### YOUR TASK:
Print out all of the records exactly; no picture belongs in the result.

★ ★ ★ ★

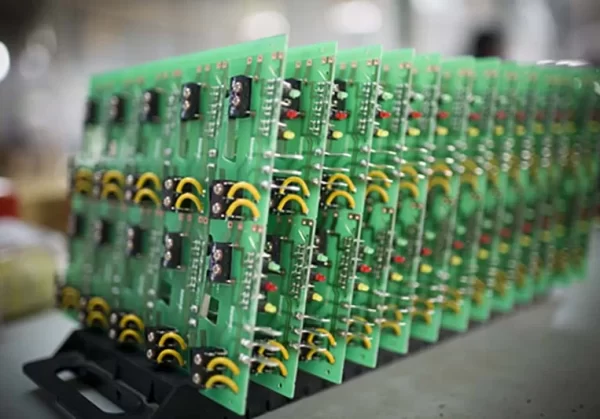 Electronics Component Sourcing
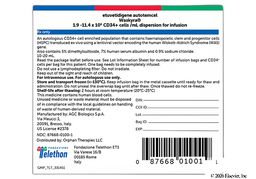 Waskyra Coupon - Waskyra 20ml of  iv bag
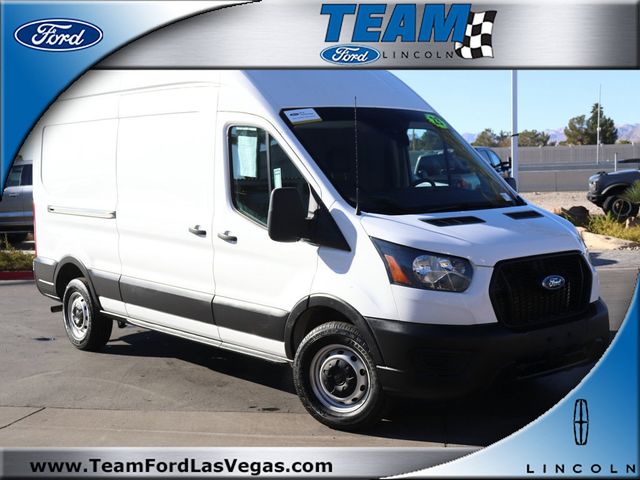 2023 Ford Transit Base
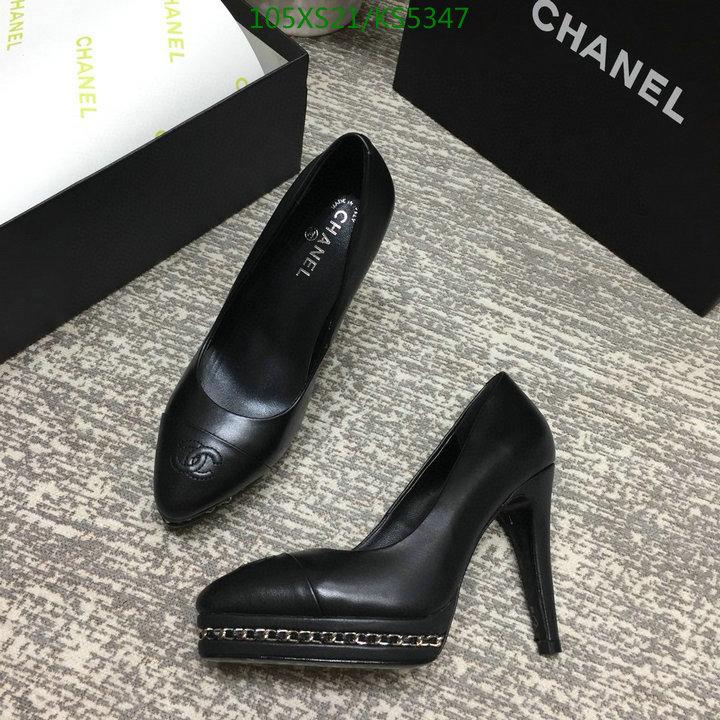 Women Shoes-Chanel,Code: KS5347,$: 105USD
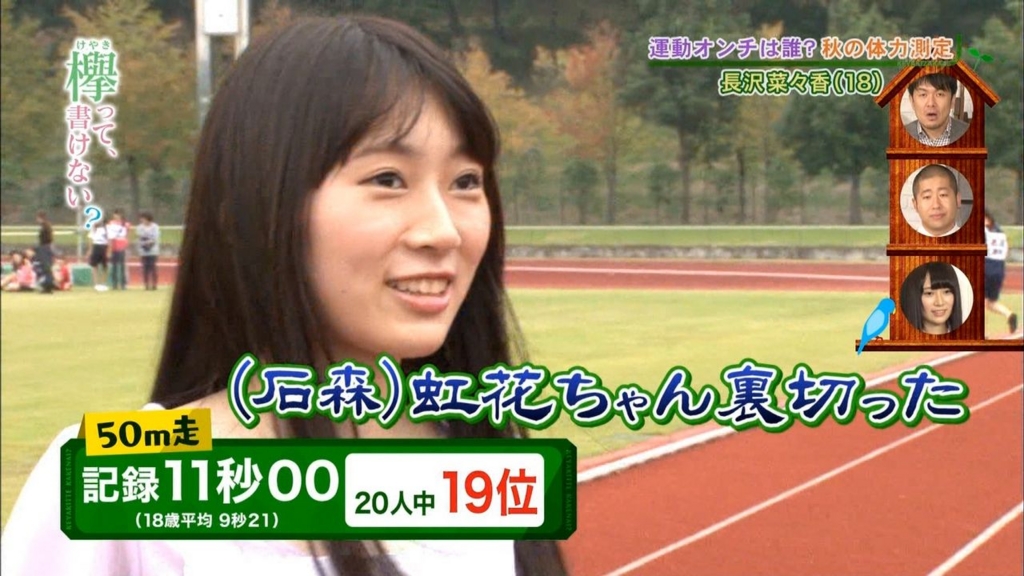 欅坂46 長沢菜々香と菊地あやかが似ている件 英語と投資とか多趣味なブログ 欅坂46 長沢菜々香と菊地あやかが似ている件 英語と投資とか多趣味なブログ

★ ★ ★ ★

### ANSWER FOR THE TASK:
 Electronics Component Sourcing
 Waskyra Coupon - Waskyra 20ml of  iv bag
 2023 Ford Transit Base
 Women Shoes-Chanel,Code: KS5347,$: 105USD
 欅坂46 長沢菜々香と菊地あやかが似ている件 英語と投資とか多趣味なブログ 欅坂46 長沢菜々香と菊地あやかが似ている件 英語と投資とか多趣味なブログ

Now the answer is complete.